Sin embargo, si surgieren nuevos elementos probatorios la indagación se reanudará mientras no se haya extinguido la acción penal.
La Corte Constitucional, en sentencia CC C-1154-2005, al realizar el control abstracto de constitucionalidad de referido canon, lo declaró condicionalmente exequible en el entendido que la expresión «motivos o circunstancias fácticas que permitan su caracterización como delito, corresponde a tipicidad objetiva y la decisión del fiscal deberá ser motivada y comunicada al denunciante y al Ministerio Público». Dijo en esa ocasión:
como la decisión de archivo de una diligencia afecta de manera directa a las víctimas, dicha decisión debe ser motivada para que éstas puedan expresar su inconformidad a partir de fundamentos objetivos y para que las víctimas puedan conocer dicha decisión. Para garantizar sus derechos la Corte encuentra que la orden del archivo de las diligencias debe estar sujeta a su efectiva comunicación a las víctimas, para el ejercicio de sus derechos.
Igualmente, se debe resaltar que las víctimas tienen la posibilidad de solicitar la reanudación de la investigación y de aportar nuevos elementos probatorios para reabrir la investigación. Ante dicha solicitud es posible que exista una controversia entre la posición de la Fiscalía y la de las víctimas, y que la solicitud sea denegada. En este evento, dado que se comprometen los derechos de las víctimas, cabe la intervención del juez de garantías. Se debe aclarar que la Corte no está ordenando el control del juez de garantías para el archivo de las diligencias sino señalando que cuando exista una controversia sobre la reanudación de la investigación, no se excluye que las víctimas puedan acudir al juez de control de garantías. [Subrayas y negrillas fuera del texto].

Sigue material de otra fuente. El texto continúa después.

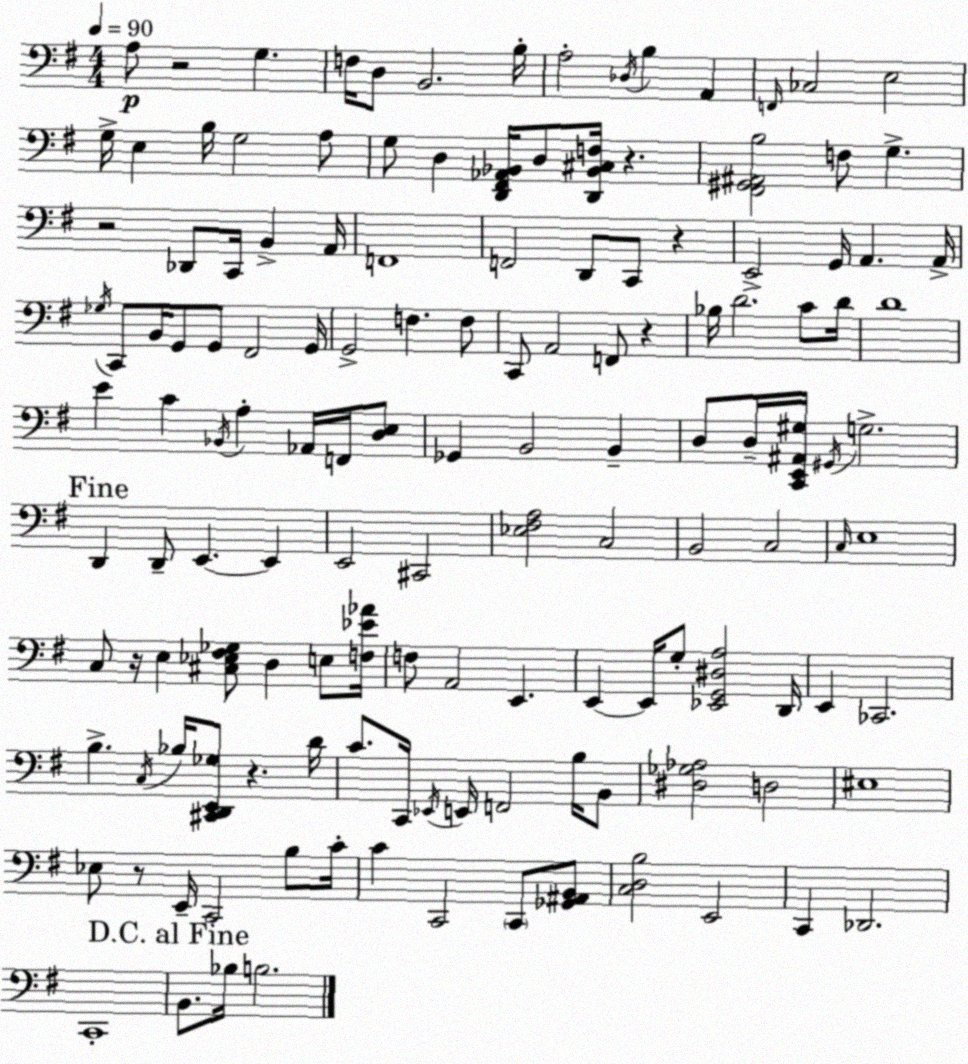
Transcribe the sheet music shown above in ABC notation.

X:1
T:Untitled
M:4/4
L:1/4
K:G
A,/2 z2 G, F,/4 D,/2 B,,2 B,/4 A,2 _D,/4 B, A,, F,,/4 _C,2 E,2 G,/4 E, B,/4 G,2 A,/2 G,/2 D, [D,,^F,,_A,,_B,,]/4 D,/2 [D,,_B,,^C,F,]/4 z [^F,,^G,,^A,,B,]2 F,/2 G, z2 _D,,/2 C,,/4 B,, A,,/4 F,,4 F,,2 D,,/2 C,,/2 z E,,2 G,,/4 A,, A,,/4 _G,/4 C,,/2 B,,/4 G,,/2 G,,/2 ^F,,2 G,,/4 G,,2 F, F,/2 C,,/2 A,,2 F,,/2 z _B,/4 D2 C/2 D/4 D4 E C _B,,/4 A, _A,,/4 F,,/4 [D,E,]/2 _G,, B,,2 B,, D,/2 D,/4 [C,,E,,^A,,^G,]/4 ^G,,/4 G,2 D,, D,,/2 E,, E,, E,,2 ^C,,2 [_E,^F,A,]2 C,2 B,,2 C,2 C,/4 E,4 C,/2 z/4 E, [^C,_E,^F,_G,]/2 D, E,/2 [F,_E_A]/4 F,/2 A,,2 E,, E,, E,,/4 G,/2 [_E,,G,,^D,A,]2 D,,/4 E,, _C,,2 B, C,/4 _B,/4 [^C,,D,,E,,_G,]/2 z D/4 C/2 C,,/4 _E,,/4 E,,/4 F,,2 B,/4 B,,/2 [^D,_G,_A,]2 D,2 ^E,4 _E,/2 z/2 E,,/4 C,,2 B,/2 C/4 C C,,2 C,,/2 [_G,,^A,,B,,]/2 [C,D,B,]2 E,,2 C,, _D,,2 C,,4 B,,/2 _B,/4 B,2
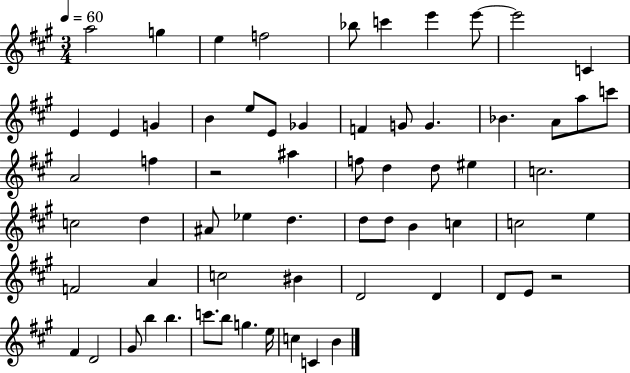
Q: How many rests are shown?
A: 2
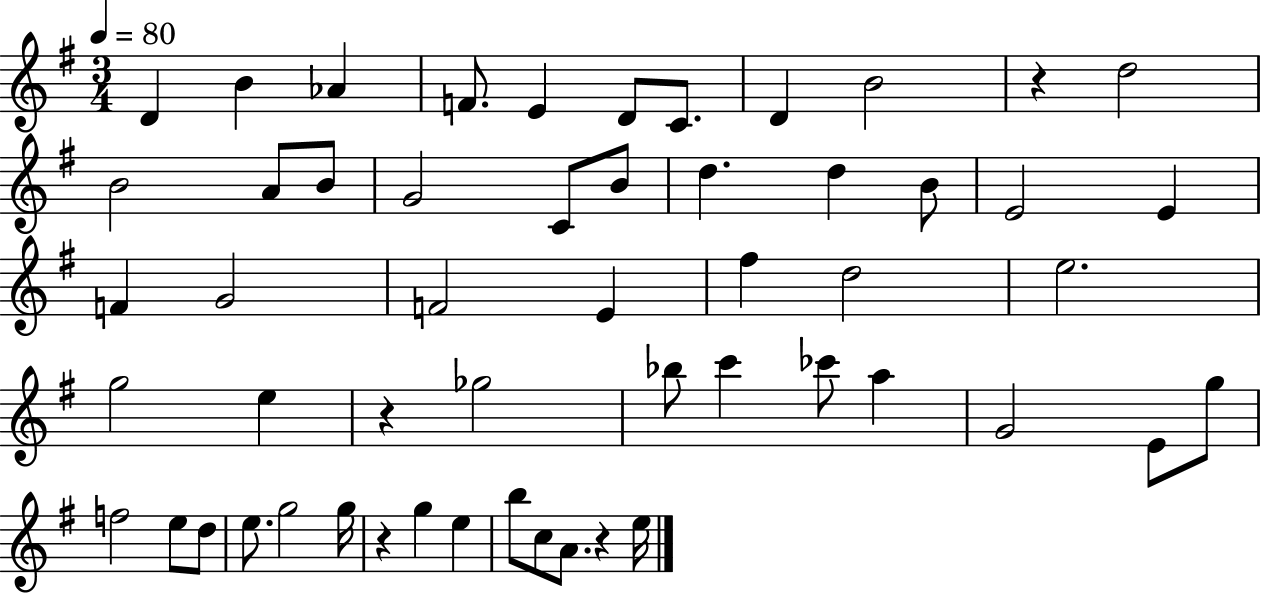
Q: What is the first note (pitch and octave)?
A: D4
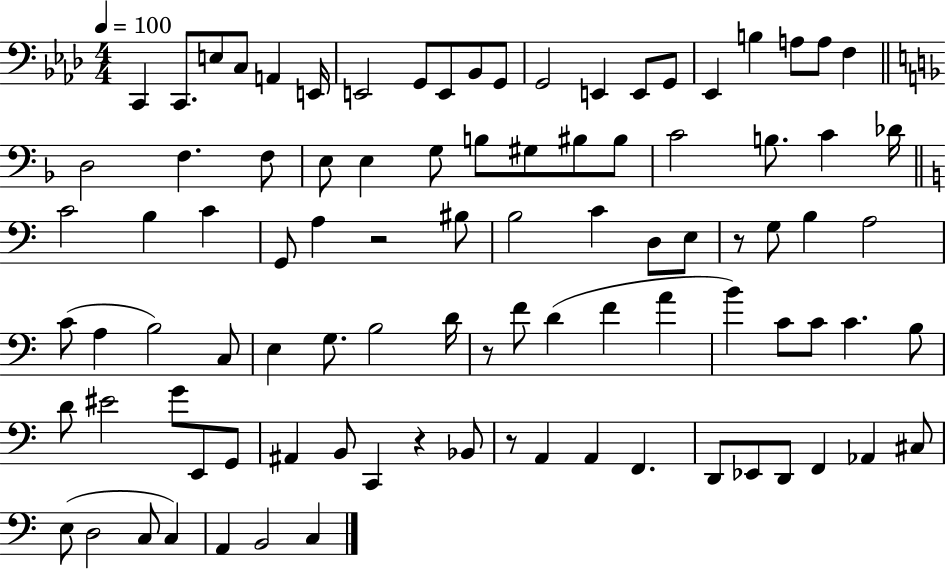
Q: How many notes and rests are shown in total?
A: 94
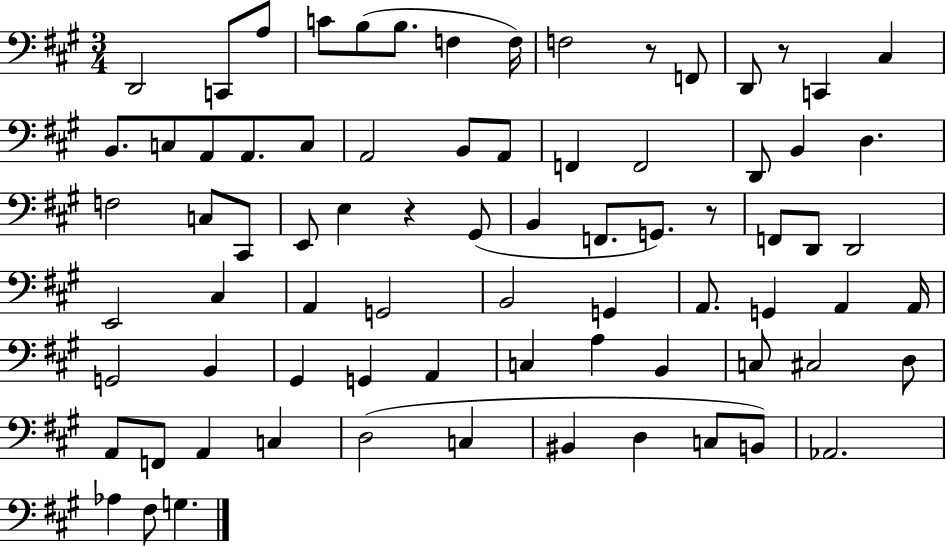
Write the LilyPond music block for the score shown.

{
  \clef bass
  \numericTimeSignature
  \time 3/4
  \key a \major
  \repeat volta 2 { d,2 c,8 a8 | c'8 b8( b8. f4 f16) | f2 r8 f,8 | d,8 r8 c,4 cis4 | \break b,8. c8 a,8 a,8. c8 | a,2 b,8 a,8 | f,4 f,2 | d,8 b,4 d4. | \break f2 c8 cis,8 | e,8 e4 r4 gis,8( | b,4 f,8. g,8.) r8 | f,8 d,8 d,2 | \break e,2 cis4 | a,4 g,2 | b,2 g,4 | a,8. g,4 a,4 a,16 | \break g,2 b,4 | gis,4 g,4 a,4 | c4 a4 b,4 | c8 cis2 d8 | \break a,8 f,8 a,4 c4 | d2( c4 | bis,4 d4 c8 b,8) | aes,2. | \break aes4 fis8 g4. | } \bar "|."
}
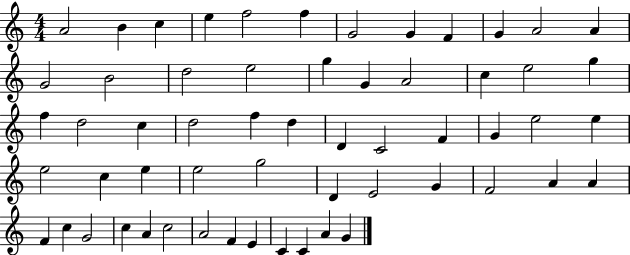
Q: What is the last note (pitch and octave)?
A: G4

Resulta claro, entonces, que cuando la Fiscalía General de la Nación ordena el archivo de la investigación, el denunciante puede acudir ante el funcionario que así lo determinó y aportar nuevos elementos probatorios para reabrirla, toda vez que ello no hace tránsito a cosa juzgada.
Ahora bien, en caso de que el titular del despacho se niegue a continuar la actuación, el ofendido está habilitado para solicitar el control de garantías ejercido por el juez penal municipal o promiscuo municipal -según el caso- del lugar de la comisión de la conducta delictiva, de conformidad con la cláusula general del artículo 39 de la Ley 906 de 2004. Por lo tanto, resulta claro que el actor cuenta con otros medios de defensa idóneos y eficaces para controvertir la decisión que hoy pretende cuestionar en sede de tutela.
Así las cosas, no es posible desarchivar la referida investigación, como quiera que no ha acudido ante el Fiscal del caso, ni ante el juez con función de control de garantías, quienes son los encargados de tomar la determinación que en derecho corresponda. Un pronunciamiento al respecto, mediante el amparo constitucional, suplantaría al juez ordinario, lo cual está totalmente prohibido debido al carácter eminentemente subsidiario de la acción de tutela.
En ese orden de ideas, el peticionario tiene la posibilidad de acudir ante dichas autoridades judiciales y reclamar el respeto de las garantías constitucionales, siendo de esta forma inadmisible recurrir para tal fin al presente trámite.
Por las anteriores consideraciones, el amparo será negado.
En mérito de lo expuesto, la Sala de Decisión de Tutelas Nº 1 de la Sala de Casación Penal de la Corte Suprema de Justicia, administrando justicia en nombre de la República y por autoridad de la ley,
RESUELVE
Primero. Negar la tutela instaurada por Óscar Alfredo Romero Pérez.
Segundo. Ordenar que, si la decisión no es impugnada ante la Sala de Casación Civil de esta Corporación, se remita el expediente a la Corte Constitucional para su eventual revisión.
NOTIFÍQUESE Y CÚMPLASE
Eyder Patiño Cabrera
Fernando León Bolaños Palacios
Luis Guillermo Salazar Otero
Nubia Yolanda Nova García
Secretaria
1 Cfr. Folios 78 y siguientes – cuaderno n° 1.